Stored data
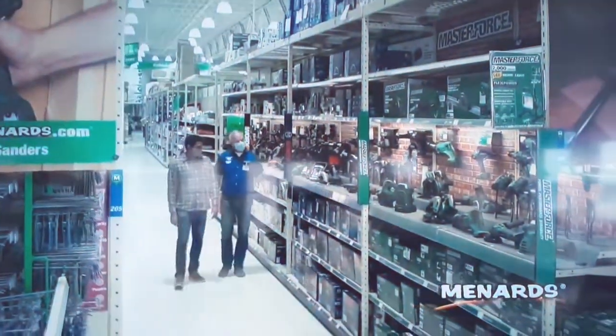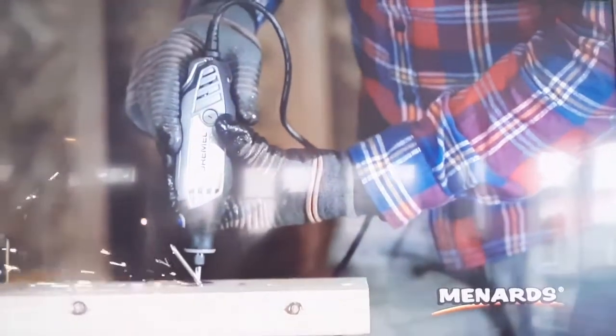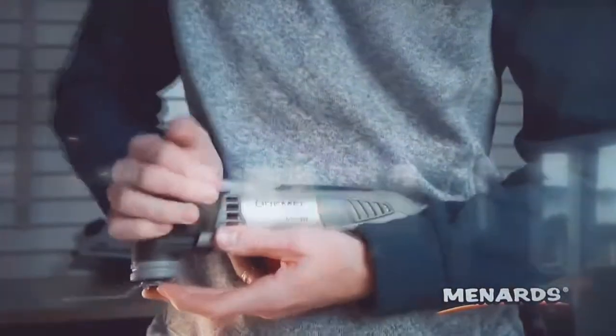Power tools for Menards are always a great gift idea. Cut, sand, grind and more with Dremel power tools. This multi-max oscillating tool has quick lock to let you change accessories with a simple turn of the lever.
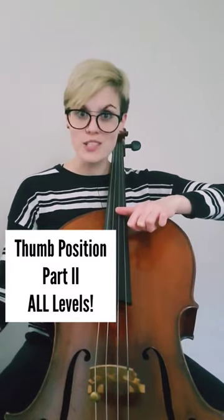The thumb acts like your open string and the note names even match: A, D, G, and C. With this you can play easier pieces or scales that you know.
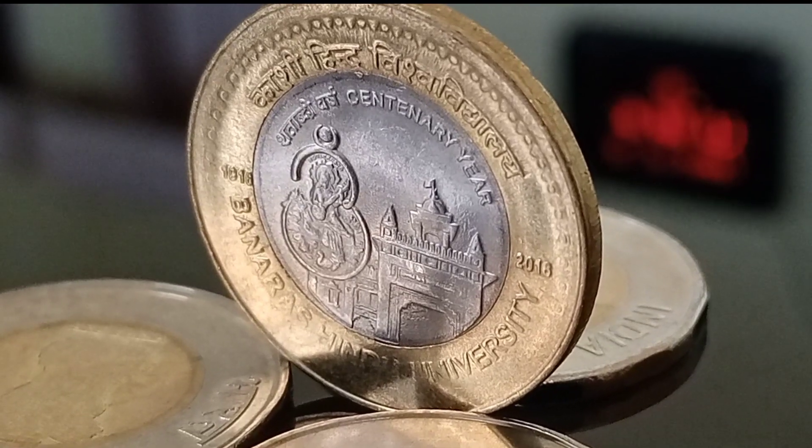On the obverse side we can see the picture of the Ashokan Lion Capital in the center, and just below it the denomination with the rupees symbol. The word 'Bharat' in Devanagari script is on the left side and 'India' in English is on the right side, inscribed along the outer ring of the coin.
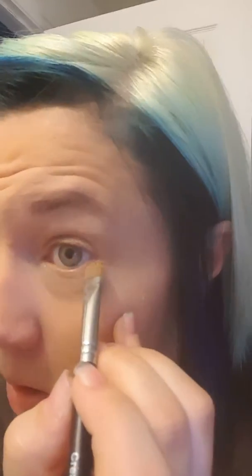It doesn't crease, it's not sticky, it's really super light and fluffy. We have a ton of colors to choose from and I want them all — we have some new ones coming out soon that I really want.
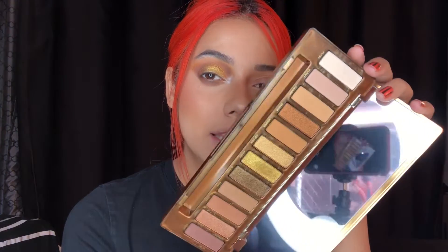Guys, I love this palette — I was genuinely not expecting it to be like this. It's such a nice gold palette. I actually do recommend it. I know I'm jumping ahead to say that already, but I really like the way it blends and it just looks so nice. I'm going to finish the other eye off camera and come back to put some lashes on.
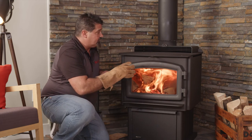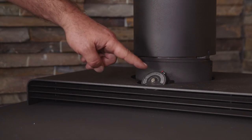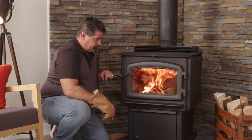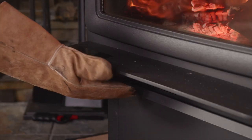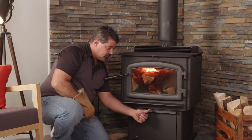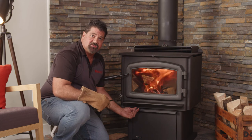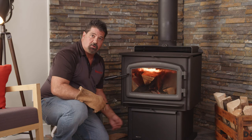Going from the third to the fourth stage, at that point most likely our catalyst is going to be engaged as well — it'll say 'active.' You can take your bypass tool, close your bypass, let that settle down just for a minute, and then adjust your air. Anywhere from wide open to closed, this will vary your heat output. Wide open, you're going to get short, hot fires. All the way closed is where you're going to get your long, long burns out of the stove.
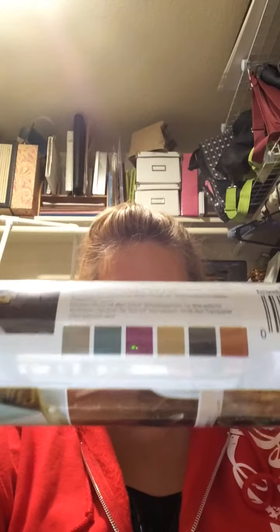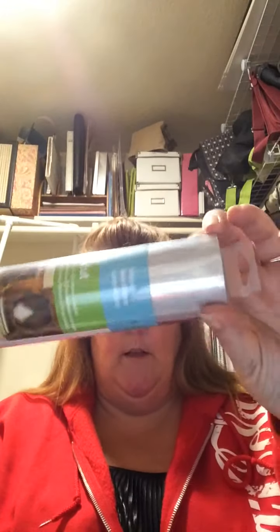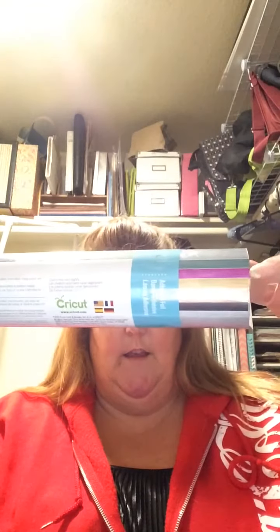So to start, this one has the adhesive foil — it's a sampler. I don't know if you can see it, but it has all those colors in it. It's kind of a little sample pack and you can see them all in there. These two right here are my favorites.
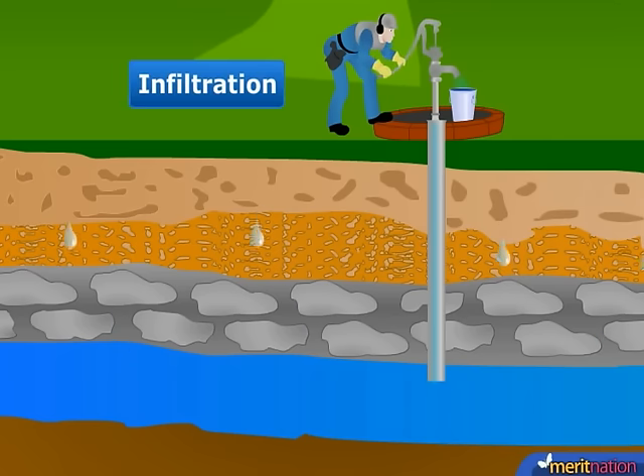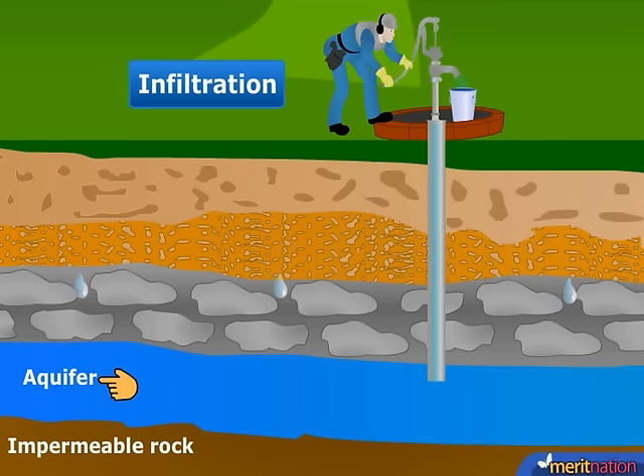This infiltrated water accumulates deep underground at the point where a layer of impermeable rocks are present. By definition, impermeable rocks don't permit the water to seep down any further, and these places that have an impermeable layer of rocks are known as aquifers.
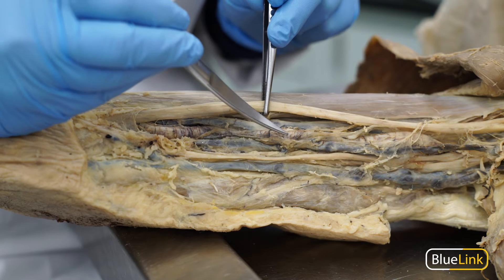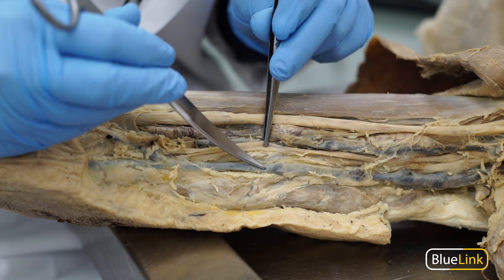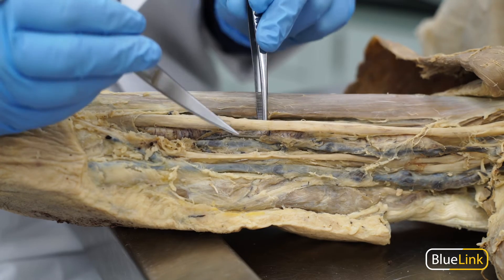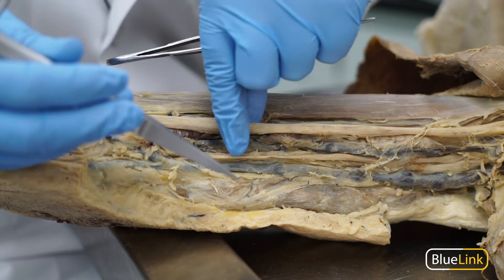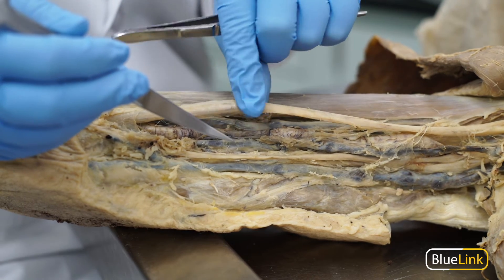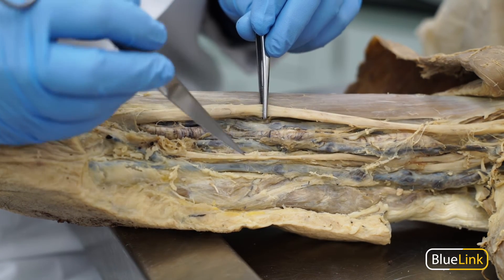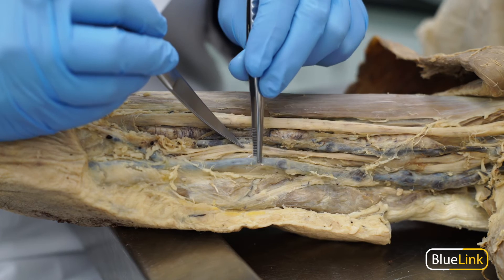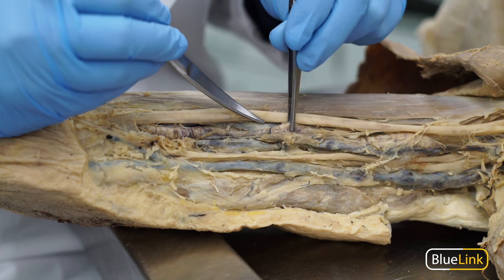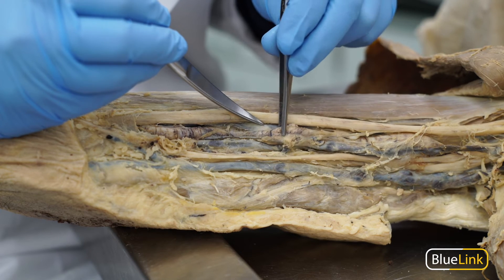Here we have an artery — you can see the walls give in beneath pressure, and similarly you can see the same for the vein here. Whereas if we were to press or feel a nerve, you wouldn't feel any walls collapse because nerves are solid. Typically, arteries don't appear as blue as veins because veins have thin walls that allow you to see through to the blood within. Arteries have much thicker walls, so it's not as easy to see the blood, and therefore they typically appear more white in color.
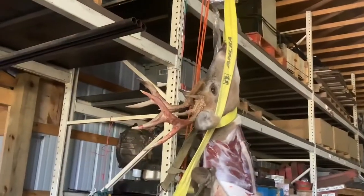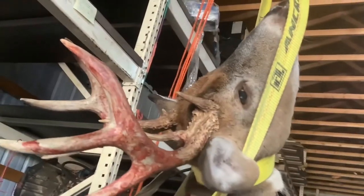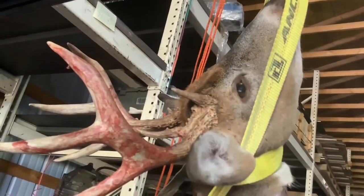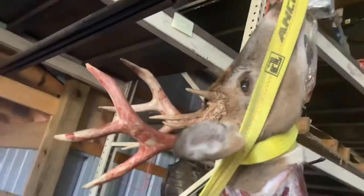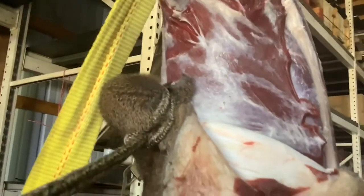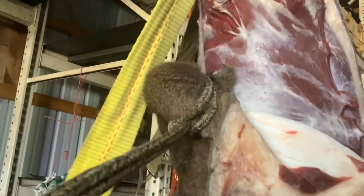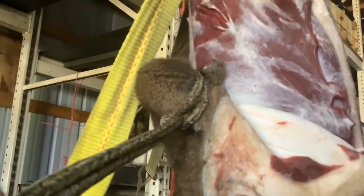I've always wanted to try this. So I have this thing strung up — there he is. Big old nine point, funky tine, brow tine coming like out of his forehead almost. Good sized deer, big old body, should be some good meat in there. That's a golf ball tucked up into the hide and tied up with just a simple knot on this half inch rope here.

### TASK DESCRIPTION
All entries need to be duplicated exactly, apart from the images.

### OUTPUT OF THE TASK
Power tools for Menards are always a great gift idea. Cut, sand, grind and more with Dremel power tools. This multi-max oscillating tool has quick lock to let you change accessories with a simple turn of the lever.
The thumb acts like your open string and the note names even match: A, D, G, and C. With this you can play easier pieces or scales that you know.
On the obverse side we can see the picture of the Ashokan Lion Capital in the center, and just below it the denomination with the rupees symbol. The word 'Bharat' in Devanagari script is on the left side and 'India' in English is on the right side, inscribed along the outer ring of the coin.
It doesn't crease, it's not sticky, it's really super light and fluffy. We have a ton of colors to choose from and I want them all — we have some new ones coming out soon that I really want.
Guys, I love this palette — I was genuinely not expecting it to be like this. It's such a nice gold palette. I actually do recommend it. I know I'm jumping ahead to say that already, but I really like the way it blends and it just looks so nice. I'm going to finish the other eye off camera and come back to put some lashes on.
Going from the third to the fourth stage, at that point most likely our catalyst is going to be engaged as well — it'll say 'active.' You can take your bypass tool, close your bypass, let that settle down just for a minute, and then adjust your air. Anywhere from wide open to closed, this will vary your heat output. Wide open, you're going to get short, hot fires. All the way closed is where you're going to get your long, long burns out of the stove.
So to start, this one has the adhesive foil — it's a sampler. I don't know if you can see it, but it has all those colors in it. It's kind of a little sample pack and you can see them all in there. These two right here are my favorites.
This infiltrated water accumulates deep underground at the point where a layer of impermeable rocks are present. By definition, impermeable rocks don't permit the water to seep down any further, and these places that have an impermeable layer of rocks are known as aquifers.
Here we have an artery — you can see the walls give in beneath pressure, and similarly you can see the same for the vein here. Whereas if we were to press or feel a nerve, you wouldn't feel any walls collapse because nerves are solid. Typically, arteries don't appear as blue as veins because veins have thin walls that allow you to see through to the blood within. Arteries have much thicker walls, so it's not as easy to see the blood, and therefore they typically appear more white in color.
I've always wanted to try this. So I have this thing strung up — there he is. Big old nine point, funky tine, brow tine coming like out of his forehead almost. Good sized deer, big old body, should be some good meat in there. That's a golf ball tucked up into the hide and tied up with just a simple knot on this half inch rope here.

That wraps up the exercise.